News

17 dec 2023

Investments affects pandemics

A relatively small number of powerful financial institutions, such as investment companies, pension funds, and banks could help accelerate actions that mitigate the risks of new pandemics

Many emerging and re-emerging infectious diseases, especially zoonotic diseases such as ebola or new coronaviruses, emerge as the result of intensified human activities such as deforestation, expansion of agricultural land, and increased hunting and trading of wildlife.

Now, researchers have mapped the financial sector’s influence on the emergence of infectious diseases.
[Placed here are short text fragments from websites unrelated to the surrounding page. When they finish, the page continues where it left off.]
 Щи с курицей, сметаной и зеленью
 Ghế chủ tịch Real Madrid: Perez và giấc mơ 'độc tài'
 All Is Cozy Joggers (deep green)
The team was lead by former GEDB researcher Victor Galaz (Stockholm Resilience Centre) and includes GEDB team leader Peter Søgaard Jørgensen and former GEDB researcher Alice Dauriach.

The new study, published in the scientific journal Lancet Planetary Health, identified public and private companies operating in economic sectors associated with increased risks of emerging and re-emerging infectious diseases.
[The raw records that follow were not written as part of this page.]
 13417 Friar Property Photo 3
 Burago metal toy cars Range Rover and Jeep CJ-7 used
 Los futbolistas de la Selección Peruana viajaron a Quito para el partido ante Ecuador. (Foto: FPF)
Where data was available, the researchers analyzed the financial entities with equity ownership in 99 identified public companies. They found that a handful of largely US-based financial entities, including Vanguard, State Street, BlackRock, and T Rowe Price, have substantial investments in these companies. But even public investors such as the state of California, Norway through its Sovereign Wealth Fund, and Sweden through its pension funds, hold shares in companies that operate in known regional hotspots for emerging infectious diseases. 

“Financial actors have an important, but often ignored, role in helping prevent the emergence of infectious diseases. Their investments enable economic activities in known zoonotic disease hotspots globally. Large investors hold potential influence over companies operating in these hotspots, and this influence could be leveraged to mitigate risks of new pandemics,” says Victor Galaz, lead author of the study and senior researcher at the Stockholm Resilience Centre at Stockholm University.

In the article, the researchers list a number of policies and practices which investors could push for, including ecological restoration measures, the creation of pathogen surveillance systems, and improvements in the health and economic security of communities living in geographical hotspots of emerging and re-emerging infectious diseases.